= Uts'am Witness Project =

Environmental project in Canada, 1997–2007

The Uts'am Witness Project formally began in 1997, and was at first known as The Witness Project. The project was co-founded by artist photographer Nancy Bleck, world-renowned mountaineer John Clarke and Squamish Nation Hereditary Chief Bill Williams in order to bring the public onto the land, in a contested part of the Squamish Nation territory in a non-violent way. This part of the territory was known at the time as "Tree Farm License 38" (TFL38) and was threatened with logging. It was a time when there were many protests and clashes between environmentalists and loggers.

The project ran out of the Roundhouse Community Centre in Vancouver, also founded in 1997, and was featured as one of its first programs, with Nancy Bleck their first artist in residence. The public was invited participate in summer wilderness camping weekends at Sims Creek, in the Elaho Valley, and to participate in a traditional Coast Salish Witness Ceremony. Originally meant to last one summer, the project ended up running for 10 years, involving 10,000 people, and ultimately was successful at preserving the area from logging, and bringing it under protection through the Squamish Nation Sacred Land Use Plan.

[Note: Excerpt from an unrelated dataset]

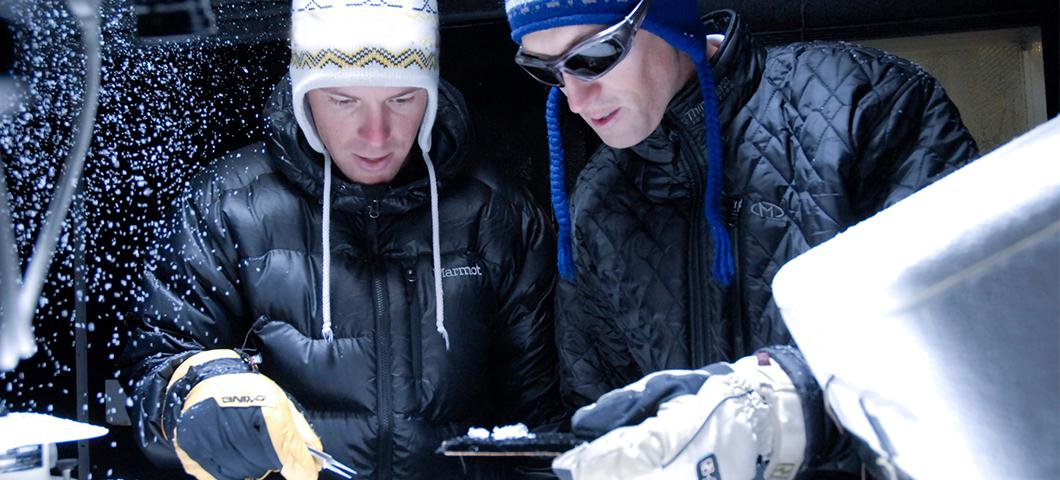 Two students work in a subzero science lab.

In October 2013 a book about the project was published by Figure 1 Publishing featuring the photographic artwork of Nancy Bleck. Picturing Transformation Nexw-áyantsut was written by Katherine Dodds with Nancy Bleck and Chief Bill Williams and describes how the project helped not only protect the area from logging, but returned it to its ancestral name of Nexw-áyantsut, which means 'place of transformation' in the Squamish language.